Research on the impacts of extreme heat on blueberry pollination

Jenna Walters, a graduate student at Michigan State University, shares her passion for entomology and insect photography, and her research on the impacts of extreme heat on blueberry pollination.

“My research is focused on understanding the impacts of extreme heat on blueberry pollination. Specifically, I seek to understand the impacts of extreme heat on the reproductive performance and production of blueberry plants and their native pollinator bees.

“For some contexts, wild blueberries are native to Michigan, and these wild blueberries have been used to grow blueberry crops, which are managed in agricultural landscapes. Michigan is a leading producer of northern highbush blueberries, yielding about 100 million pounds each year. This performance is largely attributed to blueberry pollinators, both wild and managed, performing the much-needed pollination service.

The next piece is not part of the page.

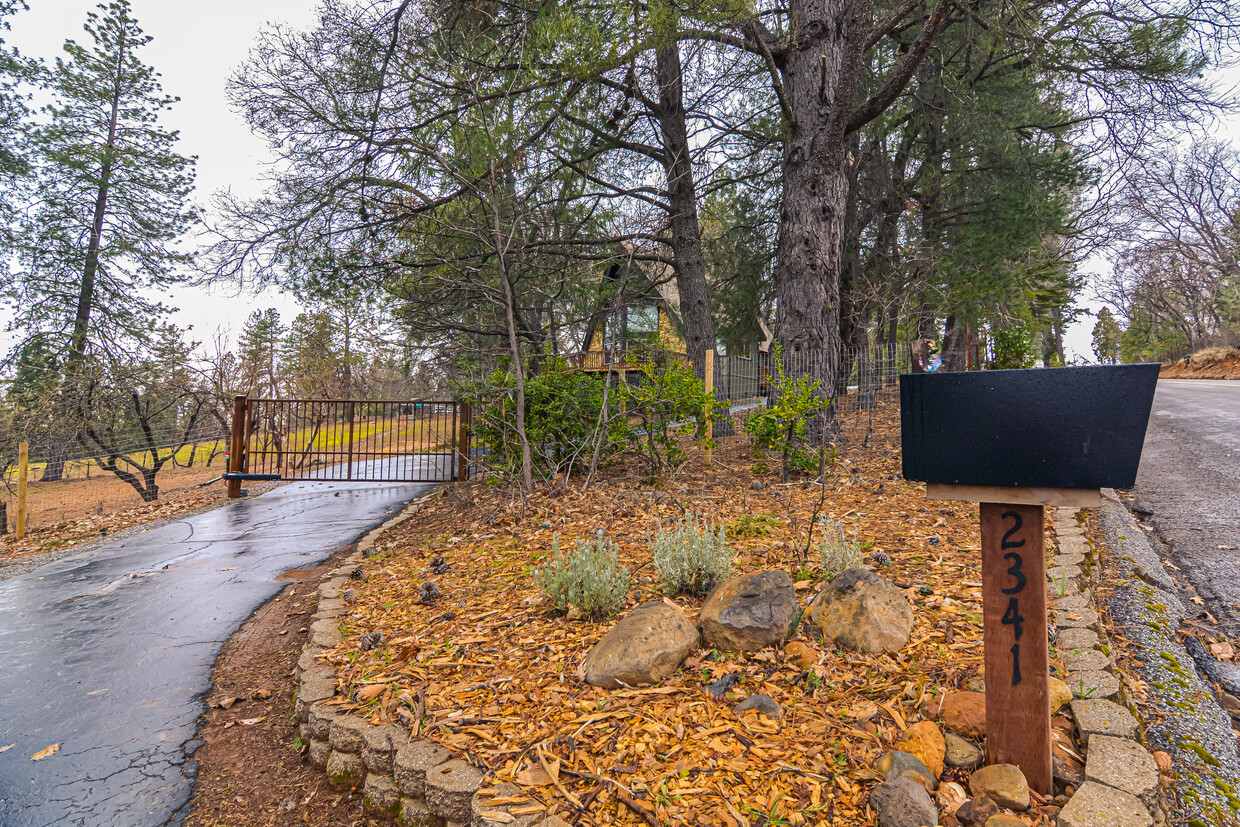 Foto principal - 2341 Hassler Rd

Germination occurs and pollen tubes travel down the style of the flower to fertilize it, which turns into seeds. The greater the number of fertilized seeds in a blueberry, the larger it is. For the bee, pollen is the main source of protein and lipids for bees. A nutritious diet of pollen during larval development leads to larger, healthier and more resistant bees.

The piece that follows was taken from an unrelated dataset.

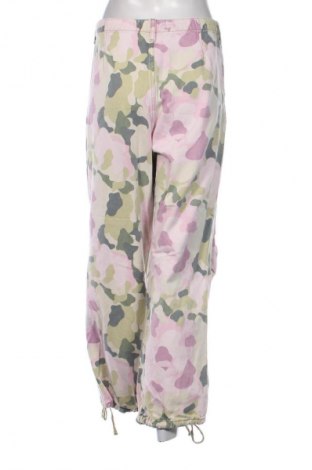 Blugi de femei Bershka, Mărime M, Culoare Multicolor, Preț 143,00 Lei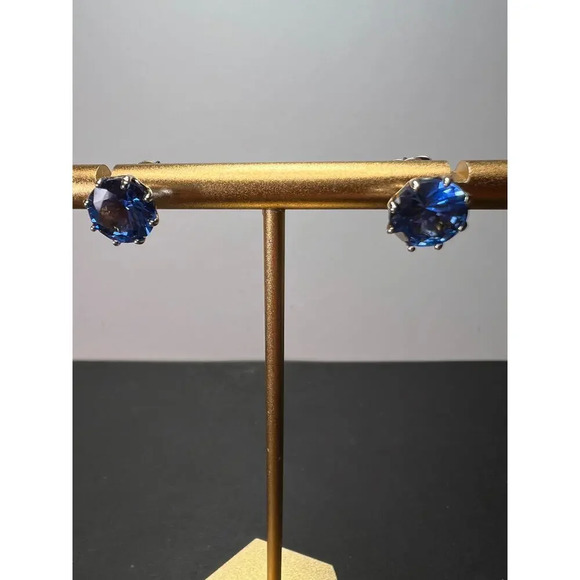 Blue lab spinel sterling silver stud earrings - Picture 11 of 11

So what happens if that pollen is exposed to extreme heat? As climate change intensifies, extreme heat events have increased in duration, frequency, and intensity. This is true globally, including Michigan. In 2018, there was extreme heat during the blueberry bloom, and we saw a yield loss of 30 million pounds compared to the previous year. Extreme temperatures are rare in Michigan during the spring, so this phenomenon was totally unexplored. We know even less about how that heat wave might have affected the bees' subsequent development, health, and populations. By discovering the ways in which heat affects blueberry pollination systems, we can create strategies to protect them as climate change continues to intensify. '

Why study entomology?

Insects are amazing! They have been stewards of the earth long before humans, with fossil evidence suggesting that insects lived on Earth some 479 million years ago. Insects also have the highest biomass of terrestrial animals, with an estimated 10 quintillion individual insects alive at any one time, meaning there are 200 million insects for every human. Insects have shaped the way people live, the food we eat, and the landscapes we live in. It is incredibly important to understand the history and influence of insects, but many unknowns remain. It is exciting to be part of a field that has so many mysteries to discover.

Who or what inspired your interest in entomology?

I found my passion for entomology when I was a student working in Zsofia Szendrei's laboratory. At the time, I didn't consider entomology a career path, but I wanted to have a paid summer job doing research and I was lucky enough to be hired. I worked with Adam Ingrao looking for biological control strategies for asparagus pests and during our long three hour field trips, Adam and I talked about insects and ecology.